Forschende von TWINCORE entdecken vielversprechenden Wirkstoffkandidaten

13.02.2024

Das Respiratorische Synzytial-Virus (RSV) verursacht vor allem bei Kleinkindern schwere Infekte der unteren Atemwege. Bisher gibt es gegen das Virus weder eine antivirale Therapie noch eine Schutzimpfung für Kinder. Deshalb suchen Forscherinnen und Forscher um Prof. Thomas Pietschmann am TWINCORE, einer gemeinsamen Einrichtung der Medizinischen Hochschule Hannover (MHH) und des Helmholtz-Zentrums für Infektionsforschung (HZI) in Braunschweig, nach neuen Wirkstoffen gegen RSV. In einer groß angelegten Studie konnten sie nun Lonafarnib als vielversprechenden Kandidaten identifizieren. Ihre Ergebnisse veröffentlichen sie in der Fachzeitschrift Nature Communications.

©TWINCORE/Carpentier

Mikroskopisches Bild von mit RSV infizierten Zellen. Grün: Mit GFP markiertes RSV-F-Protein im Zytoplasma der Zellen, Magenta: RSV-F-Protein, Blau: Zellkerne.

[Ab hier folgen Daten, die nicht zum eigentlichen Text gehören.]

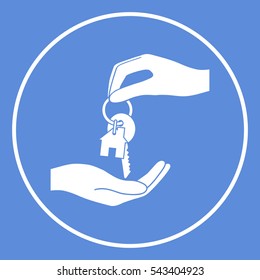 Receiving the key with keychain shaped like a house - icon.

Jedes Jahr in den Wintermonaten kommt es zu Infektionswellen mit RSV. Bei gesunden Erwachsenen und Jugendlichen verläuft die Infektion meist harmlos. Anders bei Kleinkindern: Etwa 1% von ihnen, die zum ersten Mal mit dem Erreger in Kontakt kommen, erkranken so schwer, dass sie im Krankenhaus behandelt werden müssen. Aber auch bei Erwachsenen über 65 Jahren kann es aufgrund von Vorerkrankungen des Herzens oder der Lunge zu schweren Krankheitsverläufen kommen. Für ältere Menschen und für Schwangere sind seit 2023 Impfstoffe zugelassen, eine direkt antiviral wirkende Therapie gegen das RS-Virus gibt es bisher nicht.

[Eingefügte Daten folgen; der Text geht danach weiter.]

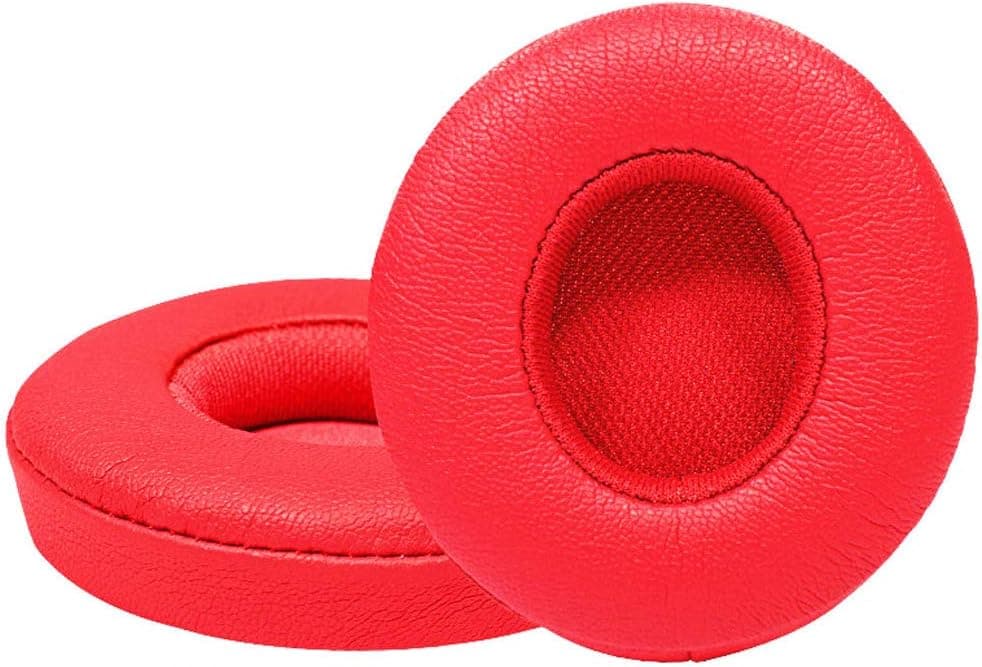 Earpads for Solo 2 Wired / Ear Pads Repair Parts (Red - Wired)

Um neue Wirkstoffe gegen bestimmte Krankheitserreger zu entdecken, durchsuchen Forscherinnen und Forscher große Sammlungen bereits bekannter und klinisch erprobter Substanzen. Dieses Verfahren wird als „Drug Repurposing Screen“ bezeichnet und prüft zusätzliche Anwendungsgebiete für bereits bekannte Pharmazeutika. Das Team vom Institut für Experimentelle Virologie am TWINCORE, Zentrum für Experimentelle und Klinische Infektionsforschung, in Hannover unter der Leitung von Prof. Thomas Pietschmann hat auf diese Weise die ReFRAME Library des Scripps Research Institutes (USA) nach möglichen neuen RSV-Medikamenten durchsucht. Diese Substanzbank enthält rund 12.000 Wirkstoffe, die sich in der klinischen Entwicklung befinden oder bereits zugelassen sind.

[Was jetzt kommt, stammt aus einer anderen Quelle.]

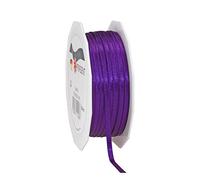 C.E. PATTBERG PRÄSENT Cinta regalo satén color violeta, 50 m de cinta de raso para envolver regalos, 3 mm de ancho, cinta de regalo para decoración y manualidades, cinta decorativa versátil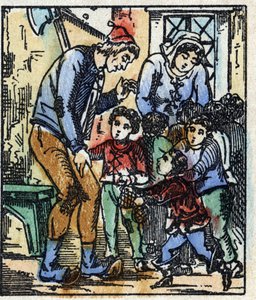 Illustration av berättelsen "" Le petit poucet "" av Charles Perrault. Trästick av Imaging Pellerin - Epinal, sd. Sent 1800-tal. av French School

„Für das Screening der Bibliothek haben wir ein so genanntes Reportervirus verwendet, das mit dem fluoreszierenden Protein GFP markiert ist“, sagt Pietschmann. „Ein Ausbleiben der Fluoreszenzreaktion in diesem Test weist auf eine antivirale Wirkung hin.“ Gleichzeitig wurden alle Substanzen auch auf ihre Toxizität hin untersucht. Nur diejenigen, die keine zellschädigende Wirkung haben, kommen in die engere Auswahl. Die Tests wurden mit Hilfe eines Pipettierroboters in Zusammenarbeit mit dem Institut für Virologie der Medizinischen Hochschule Hannover automatisiert durchgeführt. „Anders kann man eine Sammlung von mehreren tausend Substanzen nur sehr schwer durchsuchen“, sagt Dr. Sibylle Haid, Wissenschaftlerin im Institut für Experimentelle Virologie und Ko-korrespondierende Autorin der Studie.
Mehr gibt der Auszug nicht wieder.